Here is what happens when I ask either boy about a party.
“What, you want me to say the names of everyone who was there?” they say, incredulous.
Well, yes. Or some.
My boys have no idea of their missed opportunity for leverage.
I remember in high school coming in miles past curfew, and, as I tiptoed up the stairs, meeting my furious mother. I would trot out my excuses. She was still mad. I would start talking about the party. She would soften. It was so easy. Next thing you know she was sitting down, pulling her bathrobe snug, and asking, “Who else was there?”
But a great thing happened here (twice) when my boys were in high school. Both played football, and in a charming small-town custom here, certain girls wear boys’ jerseys at games.
“I might as well tell you now,” Roy said one Thursday before a game. “A girl is wearing my number tomorrow night.”

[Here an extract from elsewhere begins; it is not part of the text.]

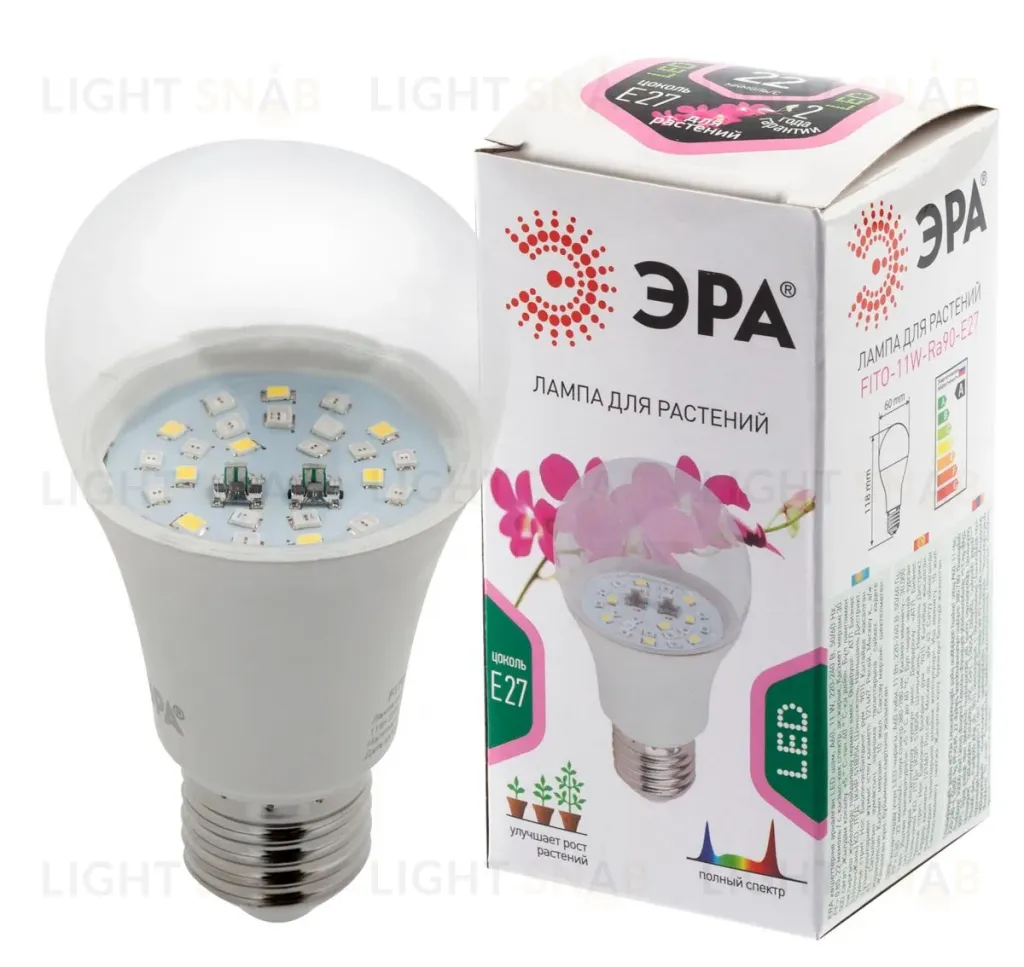 Фитолампа для растений Эра FITO-11W-Ra90-E27 Б0050603 Б0050603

A girl … a girl my son liked … walking around in huge identifying numbers? I scanned the bleachers, walked around, contrived nearby conversations. One fine night Kristin, post-game, came up and introduced herself to me. We talked eagerly until Roy emerged from the locker room and said in alarm, “I see you two have met.”
Both boys had wonderful long-term high-school girlfriends. They came over to dinner, and they talked. When Ted went away to college, I not only missed him but I missed Taylor; when I saw her at a college fair that October, my eyes filled with tears. In a few weeks Roy, too, will leave, and I will miss Kristin, too.